* **WHAT TO WORK ON**: Up to and including the line that contains "Wouldn't it be", repeat the entries below exactly from the first line on. Do not carry over any pictures.

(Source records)
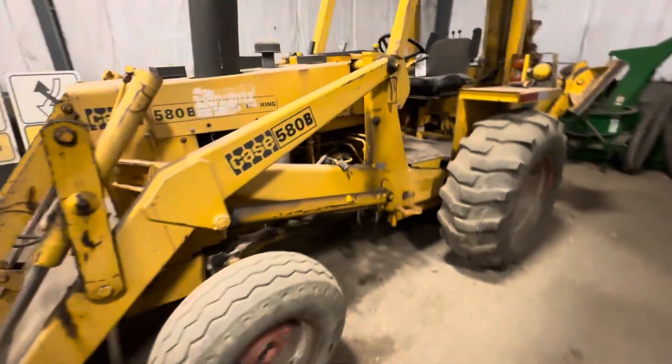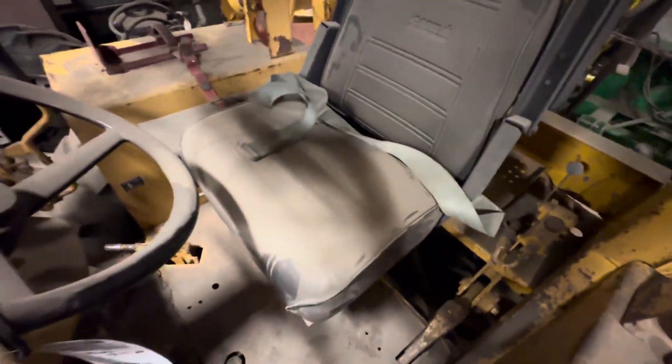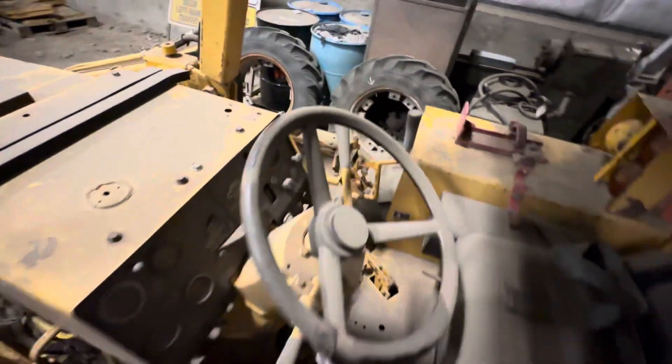Overall, it seems to be a nice-looking little backhoe. This also has a pretty decent seat in it, and single-stick controls for the front bucket.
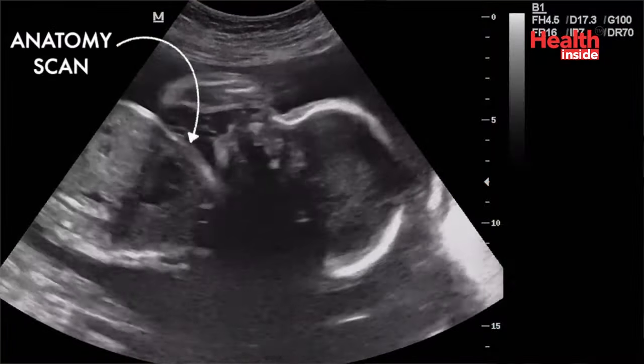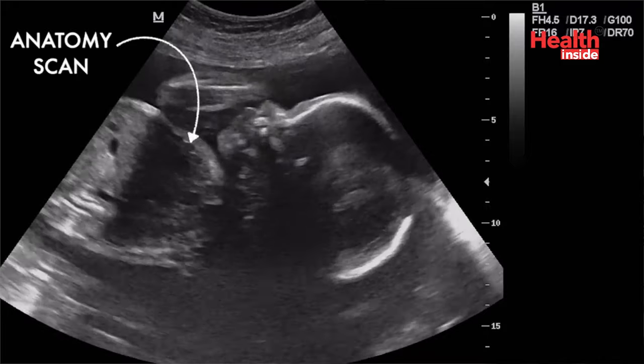After 5 months or 20 weeks, the ultrasound scan is called an anomaly scan or anatomy scan. In this scan, we check the development of the placenta and other structures. The anatomy scan may also be combined with echocardiography.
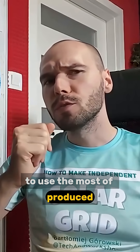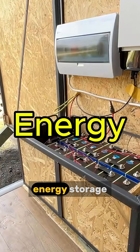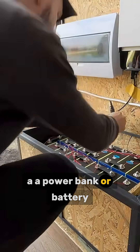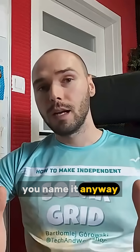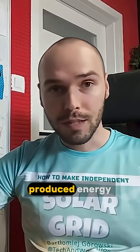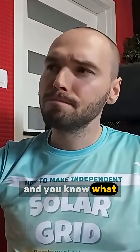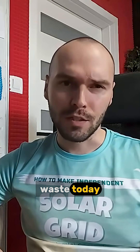Wouldn't it be nice to use most of the energy you produce? This is a 50 kilowatt hour energy storage — a power bank, or battery, you name it. After your solar panels produce energy, you most likely want to use it, but sometimes that's not possible and it all goes to waste. I don't like that, so I'm putting an end to this waste today.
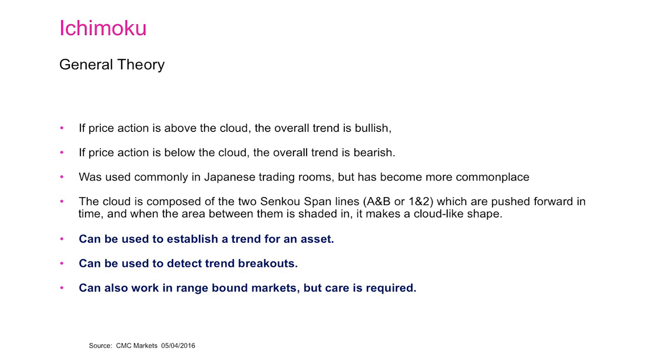To sum all of that up, I'm going to show you a couple of slides on how Ichimoku works. If the price action is above the cloud, the overall trend is bullish; if it's below the cloud, the overall trend is bearish. It was commonly used in Japanese trading rooms but has become much more commonplace in modern technical analysis. The cloud is composed of two Senkou Span lines — A and B, or one and two — pushed forward in time, and when the area between them is shaded it makes a cloud-like shape. They can be used to establish a trend, detect trend breakouts, or work in range-bound markets, though you do need to exercise a lot of care.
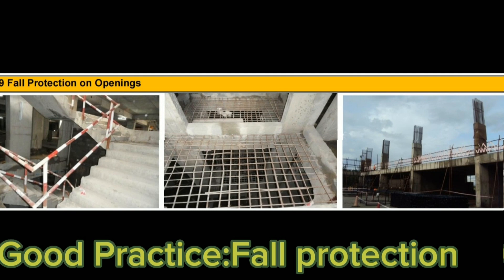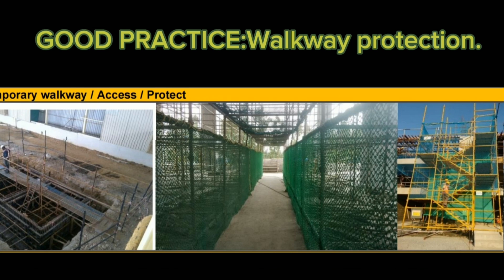Here, good practice is that the staircase edge and floor opening are closed. And here, fall protection has been implemented.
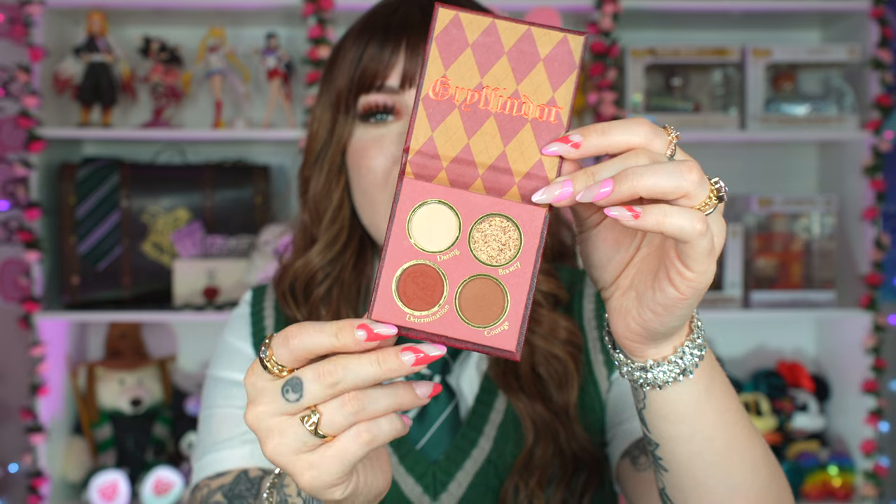The Gryffindor palette has four eyeshadows inside — one is stamped with the Gryffindor lion, which is super cute. We have the shades Daring, Bravery, Determination, and Courage — the Gryffindor character traits right there within the palette.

* **EXERCISE ANSWER**:
Overall, it seems to be a nice-looking little backhoe. This also has a pretty decent seat in it, and single-stick controls for the front bucket.
After 5 months or 20 weeks, the ultrasound scan is called an anomaly scan or anatomy scan. In this scan, we check the development of the placenta and other structures. The anatomy scan may also be combined with echocardiography.
Wouldn't it be nice to use most of the energy you produce? This is a 50 kilowatt hour energy storage — a power bank, or battery, you name it. After your solar panels produce energy, you most likely want to use it, but sometimes that's not possible and it all goes to waste. I don't like that, so I'm putting an end to this waste today.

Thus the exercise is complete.